__What this task involves__. Beginning with the line that contains "Row of vinyl", print each line to the end of the data exactly. Omit the pictures.

__The data__.
+ + + + + + +
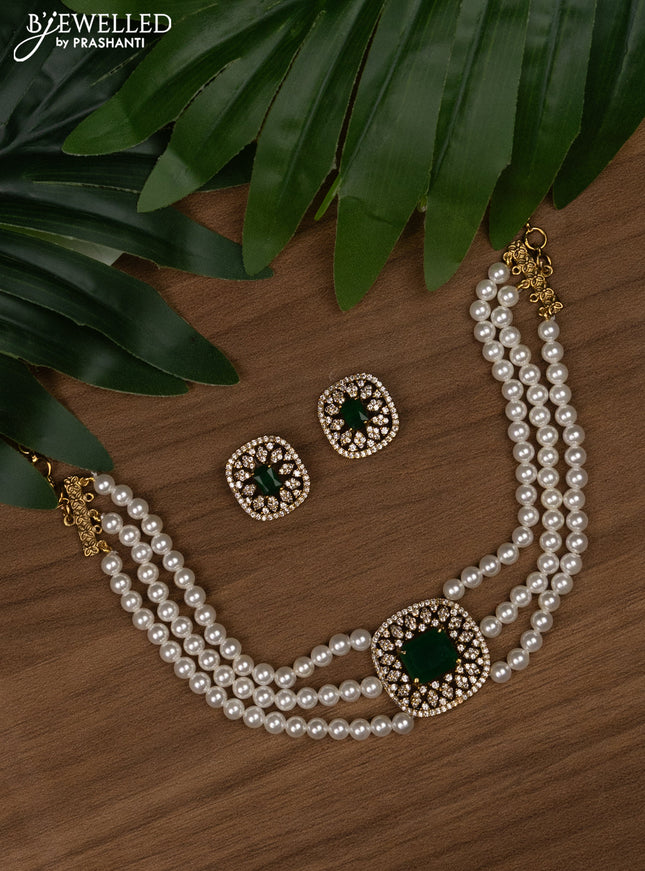 Pearl choker with emerald and cz stones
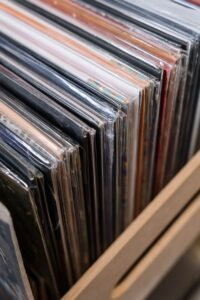 Row of vinyl records in their sleeves on a shelf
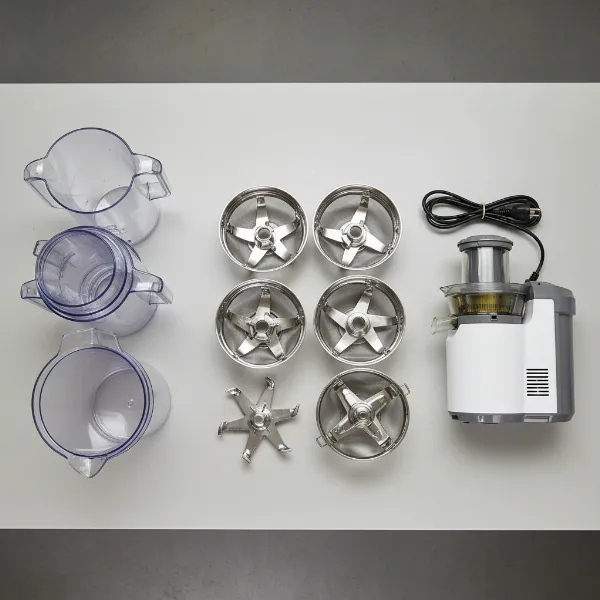 Various disassembled parts of a plastic juicer laid out for recycling preparation.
+ + + + + + +
__Response area__.
 Row of vinyl records in their sleeves on a shelf
 Various disassembled parts of a plastic juicer laid out for recycling preparation.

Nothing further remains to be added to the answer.